London, 11 March, 2011 - Hot at its heels of an algorithm update to combat duplicate content last month, Google has followed up with “Panda”, another algorithm change that hits purveyors of “low quality content.” Generally perceived to be designed to tackle content farms, it destroys the rankings of sites which many Google users are sick and tired of seeing in the search engine results pages. Although currently alive and kicking in the US, going by the trend of previous Google algorithm roll-outs, it could, at any time within the next three months, hit UK sites and swiftly move beyond. To avoid being slammed with little or no warning, leading search marketing specialist and technology firm, Greenlight, is urging businesses to take the necessary steps now to ensure their sites rankings and thus visibility are not affected when Panda strikes. Greenlight also unravels how the update might go about judging quality content and sorting it from the junk.
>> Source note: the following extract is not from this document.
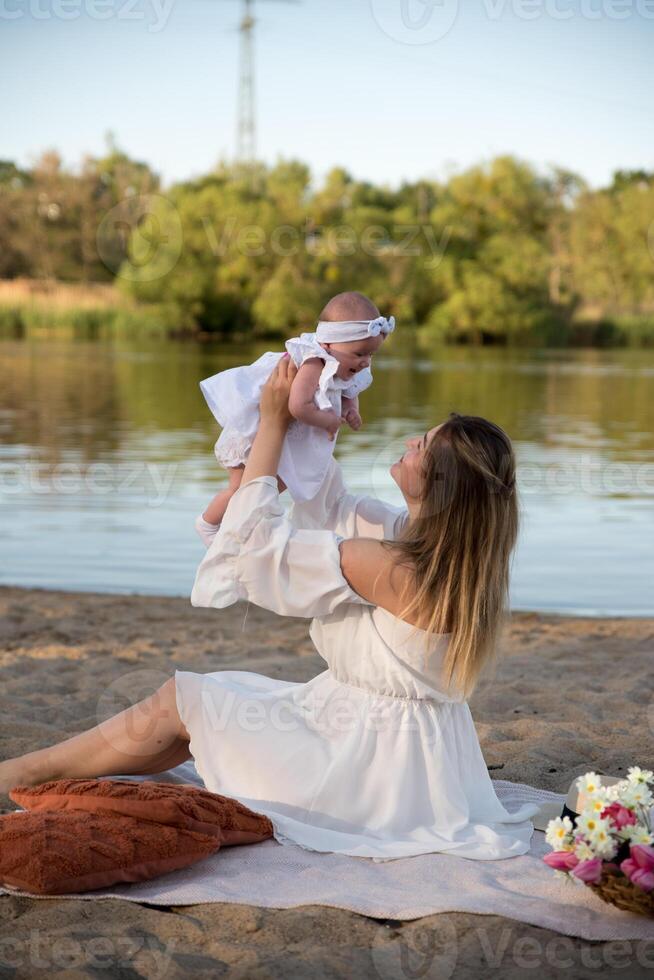 mom with a newborn baby sits on the beach, on the sand. mom holds a newborn baby in her arms. photo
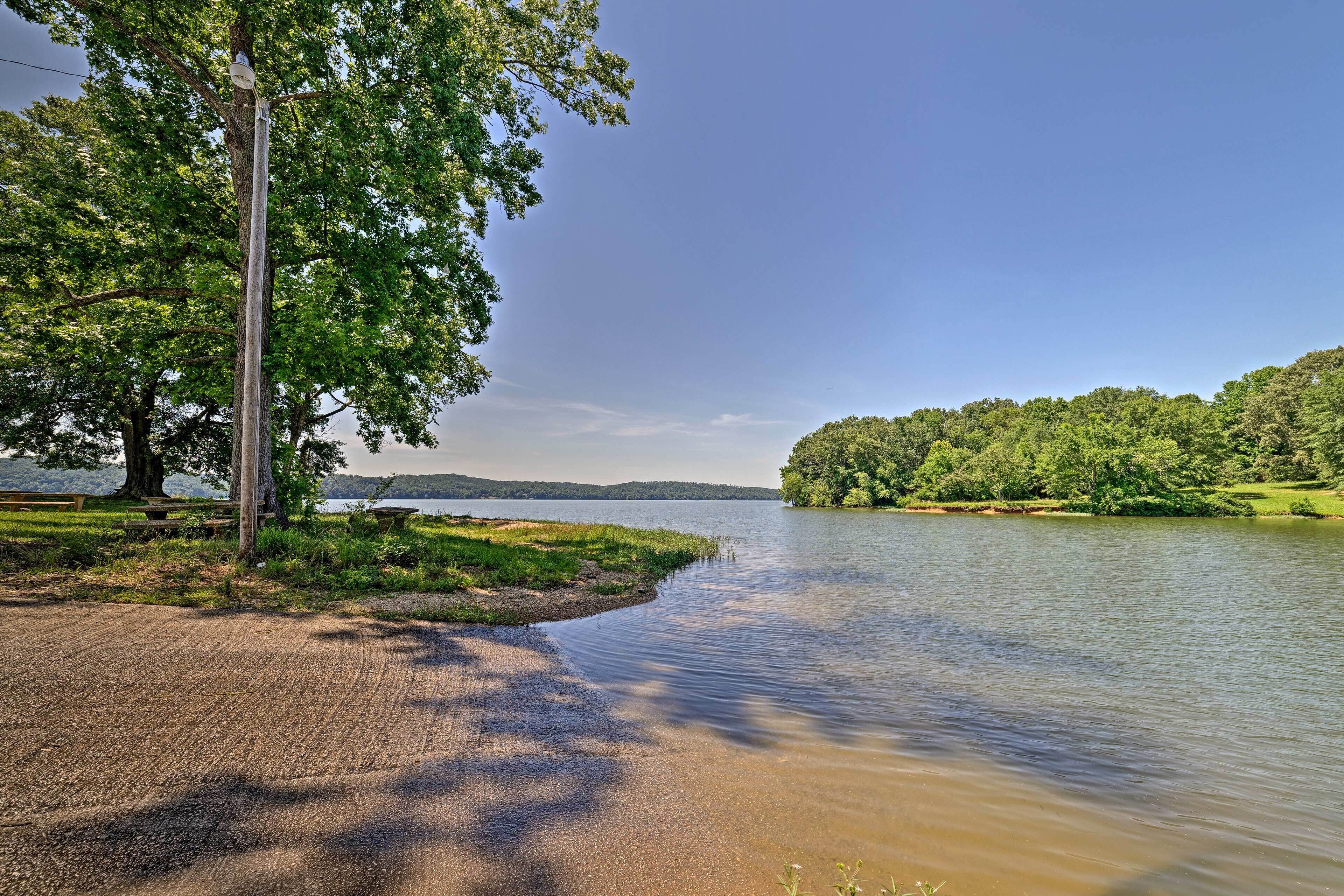Une vue sur le lac, avec un espace pique-nique, un banc en bois et un ciel dégagé.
What should Businesses do to prepare

To avoid any negative impacts, the content on websites should be well written. Businesses should aim to attract as many clicks as possible when ranking in Google, by optimising the message being put across to users with the page title, meta description and URL. And once users land on the site, they should be kept happy through the provision of a rich experience, with as much supporting multimedia as possible, and clear options for where to go elsewhere on the site if the first landing page does not "do it" for them in the first instance.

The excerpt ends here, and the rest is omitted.